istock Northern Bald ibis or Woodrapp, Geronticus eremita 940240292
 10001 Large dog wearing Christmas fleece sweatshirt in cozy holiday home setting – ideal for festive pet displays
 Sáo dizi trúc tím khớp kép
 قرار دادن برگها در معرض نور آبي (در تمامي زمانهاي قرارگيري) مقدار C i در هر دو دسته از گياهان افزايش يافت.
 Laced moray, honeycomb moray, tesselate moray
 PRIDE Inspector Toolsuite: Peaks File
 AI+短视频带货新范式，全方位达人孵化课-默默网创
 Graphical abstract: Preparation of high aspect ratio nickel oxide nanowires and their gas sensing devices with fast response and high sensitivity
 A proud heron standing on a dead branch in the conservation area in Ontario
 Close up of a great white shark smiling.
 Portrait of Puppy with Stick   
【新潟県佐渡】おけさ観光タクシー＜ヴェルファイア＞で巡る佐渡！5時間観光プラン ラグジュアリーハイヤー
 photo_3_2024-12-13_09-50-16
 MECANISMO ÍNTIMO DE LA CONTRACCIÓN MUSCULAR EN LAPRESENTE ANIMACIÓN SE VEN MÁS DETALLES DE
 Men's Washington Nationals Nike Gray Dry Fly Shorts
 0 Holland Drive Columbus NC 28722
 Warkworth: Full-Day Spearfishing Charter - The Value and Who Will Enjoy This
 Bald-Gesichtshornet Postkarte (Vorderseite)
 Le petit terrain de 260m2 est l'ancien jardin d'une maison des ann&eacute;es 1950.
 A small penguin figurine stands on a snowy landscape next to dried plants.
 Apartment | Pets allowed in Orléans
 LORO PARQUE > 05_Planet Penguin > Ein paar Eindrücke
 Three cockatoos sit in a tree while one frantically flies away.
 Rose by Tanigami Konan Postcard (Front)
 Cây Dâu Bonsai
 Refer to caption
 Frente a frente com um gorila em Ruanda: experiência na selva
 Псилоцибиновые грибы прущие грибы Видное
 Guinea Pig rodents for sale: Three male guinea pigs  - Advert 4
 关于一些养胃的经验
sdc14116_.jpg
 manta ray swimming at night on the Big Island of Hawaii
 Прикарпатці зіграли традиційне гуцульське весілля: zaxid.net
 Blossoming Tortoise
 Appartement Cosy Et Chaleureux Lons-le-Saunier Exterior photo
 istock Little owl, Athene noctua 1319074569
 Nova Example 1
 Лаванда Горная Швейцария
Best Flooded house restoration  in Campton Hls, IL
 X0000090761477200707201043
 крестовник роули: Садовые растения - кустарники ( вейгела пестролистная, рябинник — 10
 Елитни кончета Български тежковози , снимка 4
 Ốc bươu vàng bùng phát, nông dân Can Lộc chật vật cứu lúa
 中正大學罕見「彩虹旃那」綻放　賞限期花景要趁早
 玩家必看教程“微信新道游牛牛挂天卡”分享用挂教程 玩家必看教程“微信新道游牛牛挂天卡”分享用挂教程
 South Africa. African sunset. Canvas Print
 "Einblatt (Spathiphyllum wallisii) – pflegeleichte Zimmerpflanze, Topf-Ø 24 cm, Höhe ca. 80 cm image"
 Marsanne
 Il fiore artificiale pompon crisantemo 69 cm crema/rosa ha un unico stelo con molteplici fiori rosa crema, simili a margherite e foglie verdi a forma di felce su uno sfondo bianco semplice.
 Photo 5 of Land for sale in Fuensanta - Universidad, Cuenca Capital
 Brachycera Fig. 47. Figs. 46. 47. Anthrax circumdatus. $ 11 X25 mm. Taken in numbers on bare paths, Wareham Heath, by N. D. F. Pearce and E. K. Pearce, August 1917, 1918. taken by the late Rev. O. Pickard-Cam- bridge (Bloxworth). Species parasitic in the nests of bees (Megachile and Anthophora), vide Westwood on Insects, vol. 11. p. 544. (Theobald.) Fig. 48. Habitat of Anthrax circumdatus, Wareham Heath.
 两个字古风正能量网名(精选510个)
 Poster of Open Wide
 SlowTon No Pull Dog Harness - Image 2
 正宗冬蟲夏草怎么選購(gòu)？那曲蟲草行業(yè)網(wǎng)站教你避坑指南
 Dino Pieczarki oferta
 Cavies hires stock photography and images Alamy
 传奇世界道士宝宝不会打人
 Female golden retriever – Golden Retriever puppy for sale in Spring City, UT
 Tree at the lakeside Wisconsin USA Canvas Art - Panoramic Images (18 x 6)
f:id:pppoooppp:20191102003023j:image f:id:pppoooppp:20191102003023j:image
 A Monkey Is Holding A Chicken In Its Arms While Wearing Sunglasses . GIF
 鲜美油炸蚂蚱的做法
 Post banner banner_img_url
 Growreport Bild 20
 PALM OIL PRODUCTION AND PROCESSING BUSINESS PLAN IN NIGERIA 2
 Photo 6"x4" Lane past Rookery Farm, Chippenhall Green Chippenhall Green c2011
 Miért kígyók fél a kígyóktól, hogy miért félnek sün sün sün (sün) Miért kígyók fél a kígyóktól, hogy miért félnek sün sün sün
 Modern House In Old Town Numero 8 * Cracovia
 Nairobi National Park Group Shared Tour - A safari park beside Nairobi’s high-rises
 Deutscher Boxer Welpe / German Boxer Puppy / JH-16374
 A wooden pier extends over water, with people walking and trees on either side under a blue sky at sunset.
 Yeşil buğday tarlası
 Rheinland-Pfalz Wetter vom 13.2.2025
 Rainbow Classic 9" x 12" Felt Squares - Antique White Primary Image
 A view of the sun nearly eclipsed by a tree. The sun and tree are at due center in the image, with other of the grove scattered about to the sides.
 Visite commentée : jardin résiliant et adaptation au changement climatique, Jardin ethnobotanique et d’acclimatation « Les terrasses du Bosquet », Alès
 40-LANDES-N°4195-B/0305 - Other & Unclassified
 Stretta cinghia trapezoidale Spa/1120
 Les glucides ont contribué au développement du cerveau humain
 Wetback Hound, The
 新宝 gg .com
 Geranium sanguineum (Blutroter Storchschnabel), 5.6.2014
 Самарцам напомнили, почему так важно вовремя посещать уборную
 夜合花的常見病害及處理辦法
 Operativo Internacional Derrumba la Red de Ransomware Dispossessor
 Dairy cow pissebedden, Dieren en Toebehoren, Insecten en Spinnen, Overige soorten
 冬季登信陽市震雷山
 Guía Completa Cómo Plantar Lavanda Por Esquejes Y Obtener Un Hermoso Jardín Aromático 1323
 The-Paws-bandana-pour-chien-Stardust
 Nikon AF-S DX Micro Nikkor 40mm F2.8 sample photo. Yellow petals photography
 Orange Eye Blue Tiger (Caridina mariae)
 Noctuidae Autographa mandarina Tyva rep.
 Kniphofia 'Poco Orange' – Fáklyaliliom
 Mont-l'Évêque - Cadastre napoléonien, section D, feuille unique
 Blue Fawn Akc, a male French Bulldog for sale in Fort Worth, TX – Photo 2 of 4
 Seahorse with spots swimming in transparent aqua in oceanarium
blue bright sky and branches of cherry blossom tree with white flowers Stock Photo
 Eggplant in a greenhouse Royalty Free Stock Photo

■ ■ ■ ■ ■ ■ ■

* **ASSIGNMENT**:
Everything from the line with "sdc14116_.jpg" through the line with "Best Flooded house" in the listing above must be retyped exactly, with nothing added.

* **RESULT OF THE TASK**:
sdc14116_.jpg
 manta ray swimming at night on the Big Island of Hawaii
 Прикарпатці зіграли традиційне гуцульське весілля: zaxid.net
 Blossoming Tortoise
 Appartement Cosy Et Chaleureux Lons-le-Saunier Exterior photo
 istock Little owl, Athene noctua 1319074569
 Nova Example 1
 Лаванда Горная Швейцария
Best Flooded house restoration  in Campton Hls, IL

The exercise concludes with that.